Let $p_1,\ldots,p_n$ be a collection of distinct points in $\mathbb{R}^2$, no three of which lie on a line. For each $p_i$, let $\omega_i(p_1,\ldots,p_n)$ be the following ordered list (well-defined up to cyclic permutation). Choose some direction $\theta$ such that none of the $p_j$ lie on the ray from $p_i$ going in the direction $\theta$. Rotate $\theta$ clockwise in a full circle, and record the ordered list of the $p_j$ you encounter. The result is $\omega_i(p_1,\ldots,p_n)$.

The ordered lists of points $\omega_i(p_1,\ldots,p_n)$ thus encode some of the combinatorics of how the $p_i$ lie in the plane.

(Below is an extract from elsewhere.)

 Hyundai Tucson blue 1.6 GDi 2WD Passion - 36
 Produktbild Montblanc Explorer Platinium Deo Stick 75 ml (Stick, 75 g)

My question is under what circumstances can you go in the other direction? More precisely, assume that you are given $n$ ordered lists $\sigma_1,\ldots,\sigma_n$, where $\sigma_i$ contains exactly the elements of $\{p_1,\ldots,p_n\} \setminus \{p_i\}$ with no repetitions and is well-defined up to cyclic permutations. When can you find points $p_1,\ldots,p_n$ in $\mathbb{R}^2$ such that $\omega_i(p_1,\ldots,p_n) = \sigma_i$ for all $i$?

It is trivial that for $i=1,2,3$, this can always be achieved. However, for $i=4$ it is not hard to find $\sigma_i$ as above that can not be realized. Alas, it is hard to find any general patterns.

Here is a slightly less vague question/guess as to what might be true. I wonder if there might be some kind of "local condition" of the following form. There exists some $N$ such that if $\sigma_1,\ldots,\sigma_n$ is a collection of lists as above, then there exists points $p_1,\ldots,p_n$ as above if and only if for every $m$ element subset $S$ of $\{p_1,\ldots,p_n\}$ with $m \leq N$, the lists obtained from the $\sigma_i$ by deleting the points not in $S$ and throwing away the corresponding lists can be realized?